Katharine's house was searched before she was sat down to be interviewed the following morning. "The officer shook my hand once I was bailed and released," Katharine recalls. "He said, 'It was a pleasure to meet you, Ms. Gunn, I'm just sorry it was under these circumstances.'"
Things moved slowly from then. A union rep got in touch to offer support, and once news broke that an unnamed woman had been arrested for the leak the story caught the attention of the organisation whose offices we're sitting in. Soon, Katharine was in touch with John Wadham, then Director of Liberty. For eight months she was bailed and bailed again, repeatedly. "We just kept waiting in this state of limbo, a constant cloud over my head," she explains. "At the back of my mind, the question remained: 'What are they going to do to me?'"
Meanwhile, the war in Iraq had already started. On the night of the 19th of March, 2003, the bombs began to fall. During that period of purgatory, I ask, did she regret it all? Her life had been turned upside down, and for what? "Yeah, I suppose so," she says. "But there are things you have to do not for the result but for the principle, because they are right."
And then, in November, came the call from her lawyer. The Crown Prosecution Service was about to charge her.
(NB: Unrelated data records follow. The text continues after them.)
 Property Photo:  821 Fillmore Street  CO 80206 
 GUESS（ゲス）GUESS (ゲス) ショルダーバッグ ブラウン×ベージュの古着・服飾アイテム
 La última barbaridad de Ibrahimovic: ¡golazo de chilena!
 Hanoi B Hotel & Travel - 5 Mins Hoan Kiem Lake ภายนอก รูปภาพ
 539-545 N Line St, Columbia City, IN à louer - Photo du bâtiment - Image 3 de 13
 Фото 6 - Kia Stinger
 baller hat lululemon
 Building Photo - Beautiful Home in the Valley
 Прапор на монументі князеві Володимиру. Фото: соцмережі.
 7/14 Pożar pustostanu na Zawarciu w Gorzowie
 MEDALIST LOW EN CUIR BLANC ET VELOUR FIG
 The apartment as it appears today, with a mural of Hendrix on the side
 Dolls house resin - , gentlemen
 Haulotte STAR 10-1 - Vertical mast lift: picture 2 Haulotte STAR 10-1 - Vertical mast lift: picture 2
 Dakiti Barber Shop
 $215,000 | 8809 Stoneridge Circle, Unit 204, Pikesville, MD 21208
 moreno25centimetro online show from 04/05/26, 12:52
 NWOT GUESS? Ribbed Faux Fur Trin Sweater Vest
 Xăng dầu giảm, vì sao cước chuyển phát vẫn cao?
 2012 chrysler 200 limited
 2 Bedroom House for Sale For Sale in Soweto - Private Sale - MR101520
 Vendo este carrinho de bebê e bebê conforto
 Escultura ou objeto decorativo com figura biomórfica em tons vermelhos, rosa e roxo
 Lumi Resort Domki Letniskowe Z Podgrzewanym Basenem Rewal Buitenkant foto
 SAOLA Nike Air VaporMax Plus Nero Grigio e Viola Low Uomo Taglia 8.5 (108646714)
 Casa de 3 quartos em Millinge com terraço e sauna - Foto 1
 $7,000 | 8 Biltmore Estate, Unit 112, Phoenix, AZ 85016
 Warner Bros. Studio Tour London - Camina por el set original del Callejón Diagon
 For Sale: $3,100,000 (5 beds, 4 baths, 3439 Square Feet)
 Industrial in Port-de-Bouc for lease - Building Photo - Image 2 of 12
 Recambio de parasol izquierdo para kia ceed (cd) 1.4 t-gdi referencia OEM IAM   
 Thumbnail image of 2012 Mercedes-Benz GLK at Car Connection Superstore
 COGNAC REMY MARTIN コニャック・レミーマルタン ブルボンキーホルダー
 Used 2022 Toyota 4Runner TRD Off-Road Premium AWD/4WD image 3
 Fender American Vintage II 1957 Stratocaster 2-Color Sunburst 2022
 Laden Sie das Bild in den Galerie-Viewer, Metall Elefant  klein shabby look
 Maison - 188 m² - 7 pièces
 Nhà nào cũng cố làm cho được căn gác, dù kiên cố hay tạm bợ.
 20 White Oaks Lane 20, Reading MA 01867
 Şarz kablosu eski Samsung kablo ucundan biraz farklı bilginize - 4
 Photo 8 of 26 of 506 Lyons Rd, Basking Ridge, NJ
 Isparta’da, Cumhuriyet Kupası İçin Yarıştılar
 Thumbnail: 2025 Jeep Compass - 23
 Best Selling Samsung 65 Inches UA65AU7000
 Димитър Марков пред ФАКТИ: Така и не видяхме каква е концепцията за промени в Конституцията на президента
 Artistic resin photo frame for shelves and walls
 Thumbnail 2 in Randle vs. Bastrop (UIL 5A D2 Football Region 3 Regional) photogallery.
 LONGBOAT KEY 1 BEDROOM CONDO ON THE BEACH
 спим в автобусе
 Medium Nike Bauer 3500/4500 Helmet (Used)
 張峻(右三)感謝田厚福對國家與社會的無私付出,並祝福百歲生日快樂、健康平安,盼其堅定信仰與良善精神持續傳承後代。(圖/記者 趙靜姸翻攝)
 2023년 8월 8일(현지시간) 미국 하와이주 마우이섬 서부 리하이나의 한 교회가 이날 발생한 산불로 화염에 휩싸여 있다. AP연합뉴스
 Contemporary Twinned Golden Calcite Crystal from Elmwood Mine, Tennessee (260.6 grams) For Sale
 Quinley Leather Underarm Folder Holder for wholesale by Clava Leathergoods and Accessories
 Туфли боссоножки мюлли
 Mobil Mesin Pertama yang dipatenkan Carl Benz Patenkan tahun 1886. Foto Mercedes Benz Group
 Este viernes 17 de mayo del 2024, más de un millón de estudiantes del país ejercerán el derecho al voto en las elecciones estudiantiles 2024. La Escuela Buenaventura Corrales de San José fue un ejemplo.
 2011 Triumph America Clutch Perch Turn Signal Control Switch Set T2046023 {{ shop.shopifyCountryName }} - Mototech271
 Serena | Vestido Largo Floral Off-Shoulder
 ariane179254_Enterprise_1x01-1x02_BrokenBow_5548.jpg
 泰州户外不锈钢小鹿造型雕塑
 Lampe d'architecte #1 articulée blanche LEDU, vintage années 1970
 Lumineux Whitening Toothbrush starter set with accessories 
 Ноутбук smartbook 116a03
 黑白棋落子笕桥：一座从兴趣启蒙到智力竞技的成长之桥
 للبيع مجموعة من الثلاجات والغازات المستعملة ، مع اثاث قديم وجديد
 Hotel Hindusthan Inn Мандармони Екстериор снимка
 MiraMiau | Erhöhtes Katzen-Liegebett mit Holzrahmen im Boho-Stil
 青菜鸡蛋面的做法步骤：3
It wasn't the news Katharine had been preparing for. She'd be tried at the High Court; the press and the public would know this whistleblower's name. She headed up to Yorkshire and went into hiding, as a media circus descended onto Cheltenham to find her.
"Once that initial flurry died down," says Katharine, "I returned to London to meet with the team from Liberty and my lawyer, Ben Emmerson. We came up with an idea for a defence – that I acted out of necessity – but generally there isn't one for breaching the Official Secrets Act."
There was also the question of the plea: would she admit to being guilty or argue her innocence? The advice was that, by accepting what she'd done was illegal, the jail time might end up reduced. "The problem was that I just didn't feel guilty," she tells me. "I'd have a criminal record for doing what was right." And so it was decided: on the stand she'd state her innocence and hope for the best.
On the 25th of February, 2004, Katharine arrived at the Old Bailey for her trial. Within half an hour, the prosecution had decided to drop its case, for reasons that to this day remain mysterious. It has been suggested that the government was desperate to ensure that documents containing advice about the legality of the war – which the defence had requested – would not be made public. Katharine wonders whether the powers that be just didn't want an ex-GCHQ employee – with all she knew – to be cross-examined on the stand.
It's taken a long time for Katharine to feel comfortable talking about everything that happened. That level of pressure, stress and attention took its toll. "Even thinking about it all would cause me anxiety," she says, "but now I am ready." Today, she lives in Turkey, with her husband and their child. This month, a new film – Official Secrets, in which she's played by Keira Knightly – will be released, telling her story.
"The world is moving in a completely fascist, corporate direction," she tells me, when I ask if – thinking back – she'd do it all again. "It worries me, it should worry us all. And what we are seeing is a movement of people who are trying to stop it. Whistleblowing on wrongdoing is part of that fightback. It isn't a crime, it's a responsibility."
Official Secrets is released in cinemas on the 18th of October, 2019.